* What you need to do: Provide only the number of lines in the data below that contain the word "Chapter".

* Data listing:
• • • • • • •

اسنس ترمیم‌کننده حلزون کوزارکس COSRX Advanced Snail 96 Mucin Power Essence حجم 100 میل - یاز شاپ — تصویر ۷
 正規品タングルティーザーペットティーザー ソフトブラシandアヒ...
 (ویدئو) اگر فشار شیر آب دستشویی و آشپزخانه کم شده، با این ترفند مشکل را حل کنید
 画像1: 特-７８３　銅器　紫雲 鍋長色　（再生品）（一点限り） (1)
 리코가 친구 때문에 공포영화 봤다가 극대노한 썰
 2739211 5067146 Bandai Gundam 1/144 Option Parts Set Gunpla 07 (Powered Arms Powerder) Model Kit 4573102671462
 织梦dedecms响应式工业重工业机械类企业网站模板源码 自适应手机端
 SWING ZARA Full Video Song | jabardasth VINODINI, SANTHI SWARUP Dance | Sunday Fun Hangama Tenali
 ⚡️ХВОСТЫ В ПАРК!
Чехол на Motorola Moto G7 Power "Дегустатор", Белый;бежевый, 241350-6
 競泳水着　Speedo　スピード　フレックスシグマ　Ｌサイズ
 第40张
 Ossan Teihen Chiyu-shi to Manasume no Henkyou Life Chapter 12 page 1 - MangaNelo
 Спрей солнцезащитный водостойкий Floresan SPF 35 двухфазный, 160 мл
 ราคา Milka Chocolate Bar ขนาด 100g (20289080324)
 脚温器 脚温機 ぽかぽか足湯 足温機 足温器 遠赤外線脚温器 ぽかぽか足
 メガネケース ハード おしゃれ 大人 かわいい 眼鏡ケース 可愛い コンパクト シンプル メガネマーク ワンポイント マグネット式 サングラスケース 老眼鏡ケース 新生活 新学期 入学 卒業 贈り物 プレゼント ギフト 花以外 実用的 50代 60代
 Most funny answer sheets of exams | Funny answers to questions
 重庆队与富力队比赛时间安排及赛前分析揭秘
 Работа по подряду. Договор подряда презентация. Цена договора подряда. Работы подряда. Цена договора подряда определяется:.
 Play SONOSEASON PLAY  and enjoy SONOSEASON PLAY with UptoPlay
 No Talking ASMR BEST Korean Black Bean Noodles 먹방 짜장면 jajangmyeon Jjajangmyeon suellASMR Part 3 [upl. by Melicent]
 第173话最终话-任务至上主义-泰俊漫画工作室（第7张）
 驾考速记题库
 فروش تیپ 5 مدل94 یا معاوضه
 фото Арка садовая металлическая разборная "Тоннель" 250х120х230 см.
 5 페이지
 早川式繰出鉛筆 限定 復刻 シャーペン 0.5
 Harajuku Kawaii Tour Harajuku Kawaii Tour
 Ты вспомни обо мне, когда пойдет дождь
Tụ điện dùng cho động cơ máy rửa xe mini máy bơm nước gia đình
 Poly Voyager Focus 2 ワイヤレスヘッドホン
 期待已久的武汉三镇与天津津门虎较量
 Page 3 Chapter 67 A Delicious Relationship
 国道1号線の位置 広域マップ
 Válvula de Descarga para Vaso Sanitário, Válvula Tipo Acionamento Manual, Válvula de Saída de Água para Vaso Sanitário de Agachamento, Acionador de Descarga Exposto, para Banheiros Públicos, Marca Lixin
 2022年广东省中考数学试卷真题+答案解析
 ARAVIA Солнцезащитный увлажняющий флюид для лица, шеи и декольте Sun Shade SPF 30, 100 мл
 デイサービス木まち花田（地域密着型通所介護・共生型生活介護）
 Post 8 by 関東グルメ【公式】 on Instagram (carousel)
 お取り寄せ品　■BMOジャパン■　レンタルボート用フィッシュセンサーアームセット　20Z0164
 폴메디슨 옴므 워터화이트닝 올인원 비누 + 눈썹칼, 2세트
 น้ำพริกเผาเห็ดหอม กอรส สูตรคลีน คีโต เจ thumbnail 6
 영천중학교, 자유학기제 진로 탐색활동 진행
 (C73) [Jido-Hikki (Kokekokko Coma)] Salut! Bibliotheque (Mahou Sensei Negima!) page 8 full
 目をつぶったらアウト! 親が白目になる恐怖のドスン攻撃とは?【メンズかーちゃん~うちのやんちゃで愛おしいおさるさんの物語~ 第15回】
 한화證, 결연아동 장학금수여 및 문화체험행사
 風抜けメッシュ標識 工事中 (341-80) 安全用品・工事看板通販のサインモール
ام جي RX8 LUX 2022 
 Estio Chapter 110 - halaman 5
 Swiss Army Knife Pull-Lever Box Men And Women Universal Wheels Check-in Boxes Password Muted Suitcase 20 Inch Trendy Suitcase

• • • • • • •

* Result of this task: 3